PANews, December 30 - According to data provided by the Financial Supervisory Service of the Korean National Assembly, the personal credit loan delinquency rate for K Bank's virtual asset related accounts reached 1.28% in the third quarter of this year, with overdue balances amounting to 47.4 billion won, hitting a record high. Since the introduction of virtual asset related accounts in June 2020, both the delinquency rate and overdue balances have continued to rise, especially among mid- to low-credit clients, whose delinquency rate soared to 2.2%, more than three times that of high-credit clients.

As Upbit's partner bank for won accounts, K Bank has benefited from the recent boom in the virtual asset market, but its excessive reliance on Upbit is also seen as a "double-edged sword." While the increase in investor deposits has generated profits for the bank, the deposit interest rate has risen significantly from 0.1% to 2.1% due to regulatory adjustments, greatly increasing the bank's interest expenses.

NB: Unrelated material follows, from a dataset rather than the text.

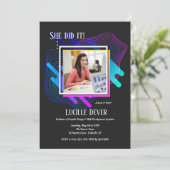 芸術およびデザインの写真の卒業の招待状 招待状 (スタンド正面)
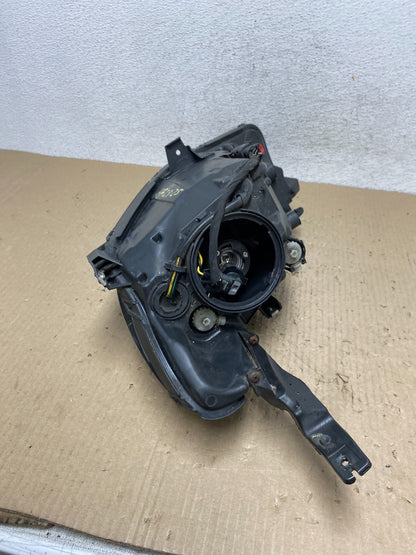 2016 - 2018 Chevrolet Malibu Right Passenger RH Halogen Headlight AF2825 DW7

Furthermore, the volatility and uncertainty of the virtual asset market may further impact its asset quality.

Compared to competitors such as Kakao Bank and Toss Bank, K Bank's non-performing loan balance reached 207.2 billion won in the third quarter of 2023, far exceeding the industry level. Analysts point out that K Bank needs to reduce its overall delinquency rate by increasing mortgage loans or loans to high-credit clients to improve asset quality and clear obstacles for the planned IPO.